Task
Pictures should be excluded; otherwise, copy every entry exactly.

### The input ###

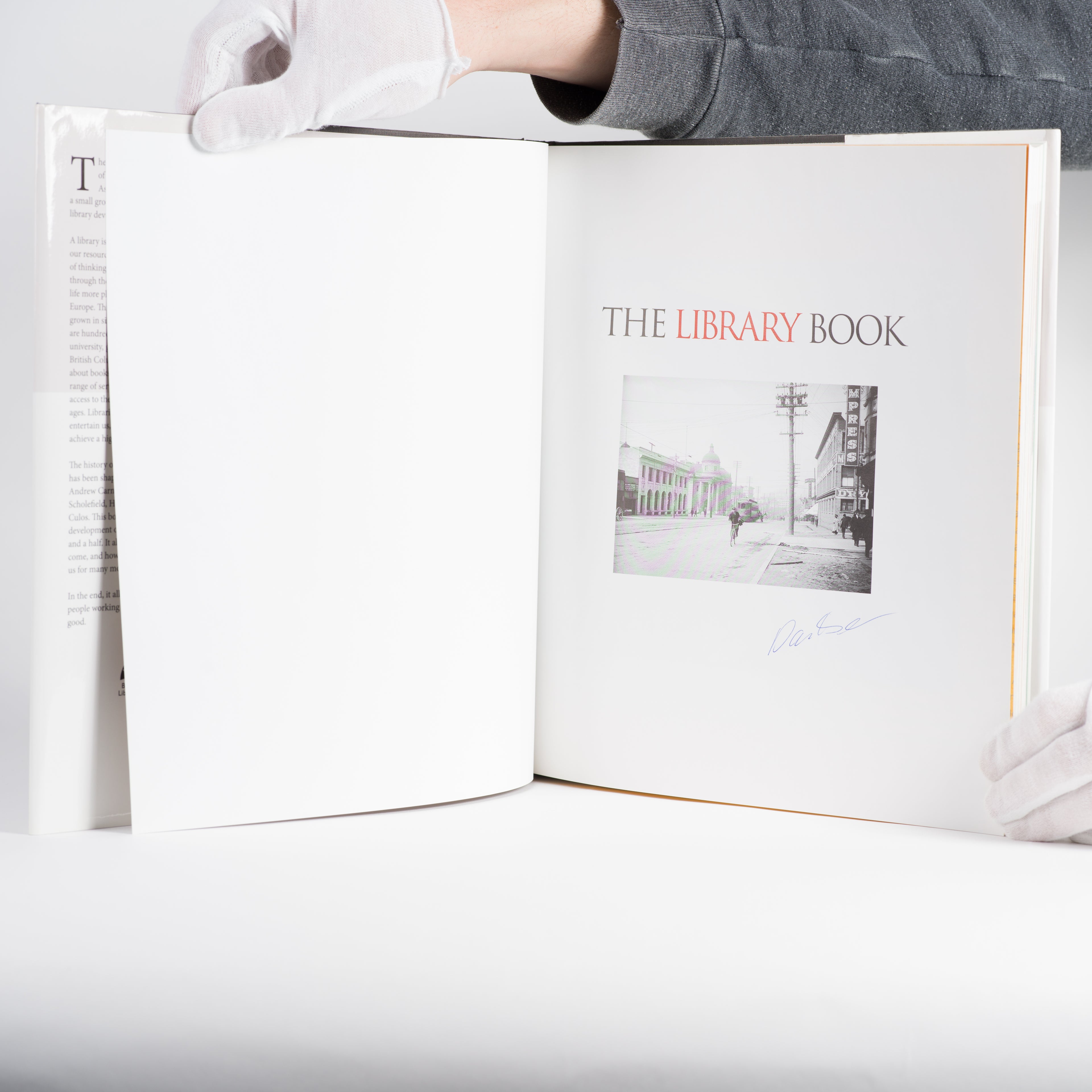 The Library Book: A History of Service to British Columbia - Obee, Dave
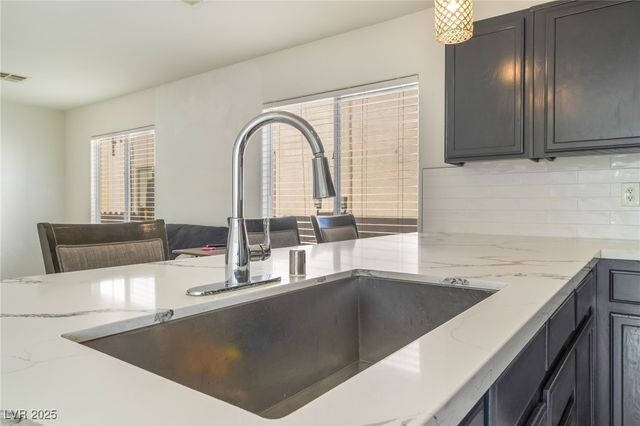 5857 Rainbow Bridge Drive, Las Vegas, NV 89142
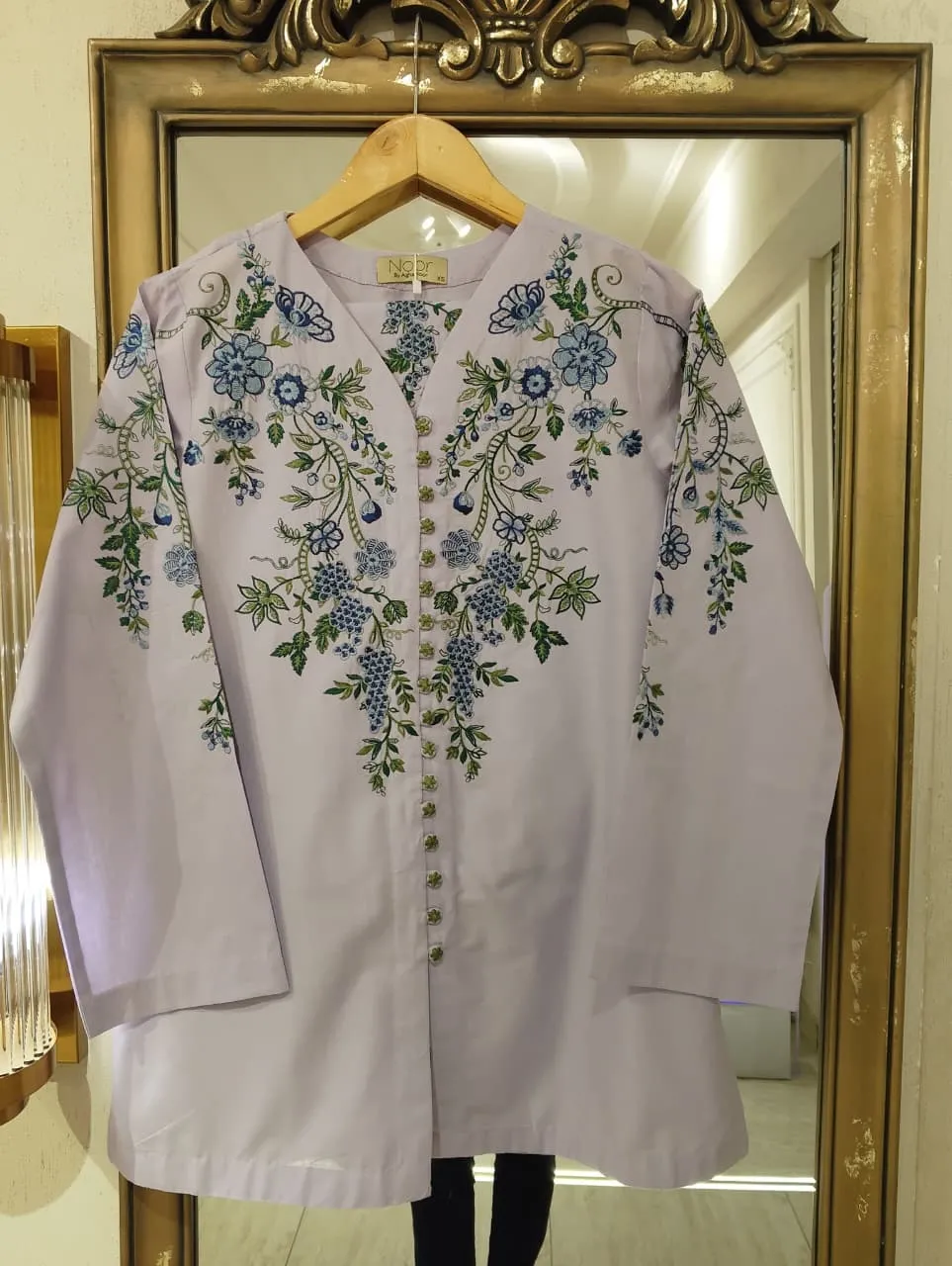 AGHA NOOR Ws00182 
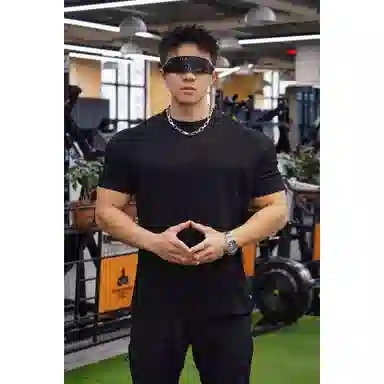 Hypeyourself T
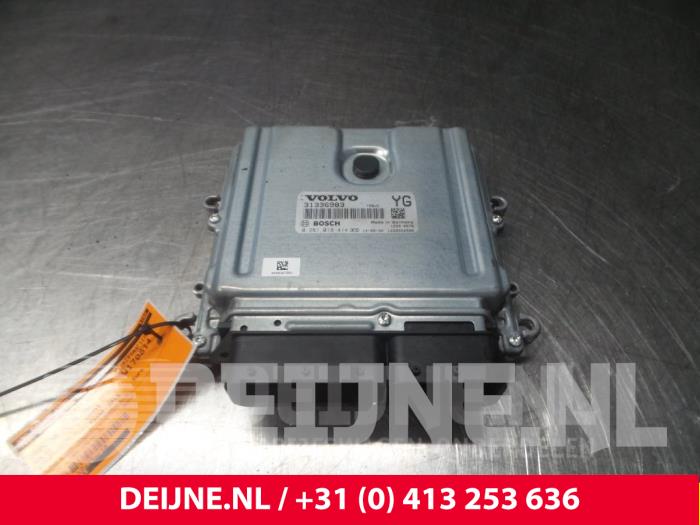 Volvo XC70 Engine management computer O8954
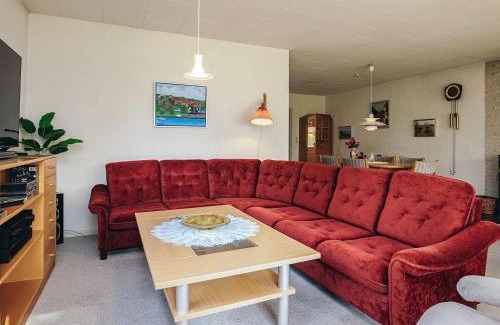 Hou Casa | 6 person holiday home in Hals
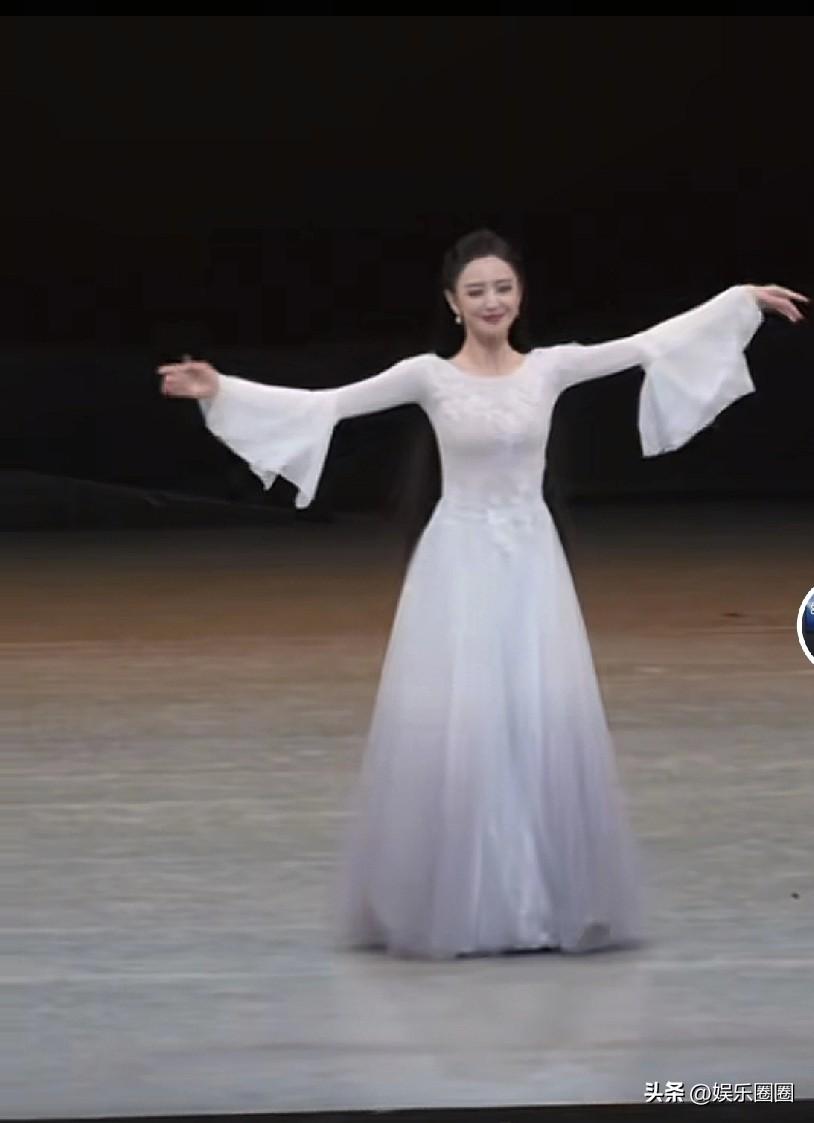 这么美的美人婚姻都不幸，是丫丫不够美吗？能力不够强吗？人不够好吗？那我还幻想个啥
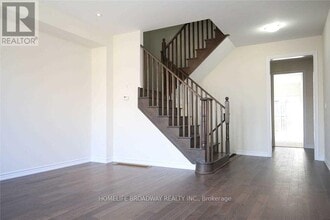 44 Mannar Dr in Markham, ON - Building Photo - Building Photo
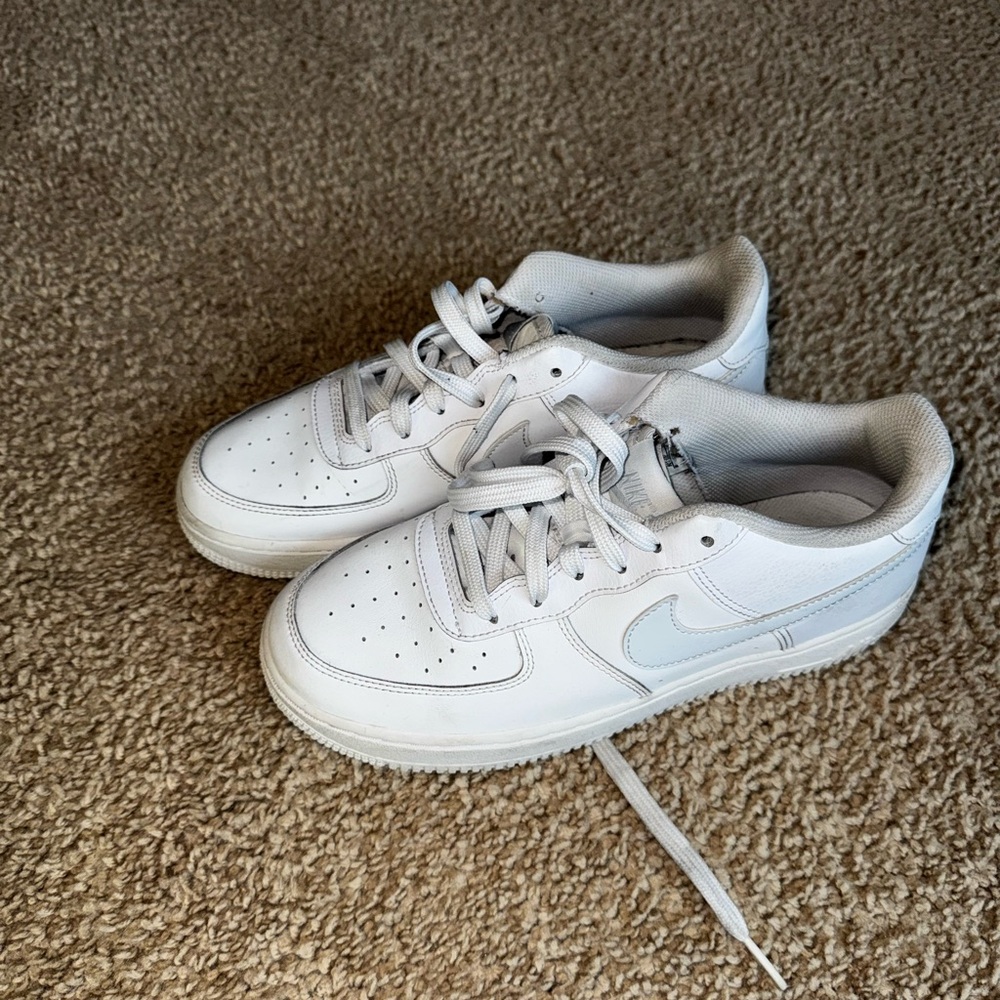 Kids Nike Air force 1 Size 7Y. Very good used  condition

###

Solved exercise
 The Library Book: A History of Service to British Columbia - Obee, Dave
 5857 Rainbow Bridge Drive, Las Vegas, NV 89142
 AGHA NOOR Ws00182 
 Hypeyourself T
 Volvo XC70 Engine management computer O8954
 Hou Casa | 6 person holiday home in Hals
 这么美的美人婚姻都不幸，是丫丫不够美吗？能力不够强吗？人不够好吗？那我还幻想个啥
 44 Mannar Dr in Markham, ON - Building Photo - Building Photo
 Kids Nike Air force 1 Size 7Y. Very good used  condition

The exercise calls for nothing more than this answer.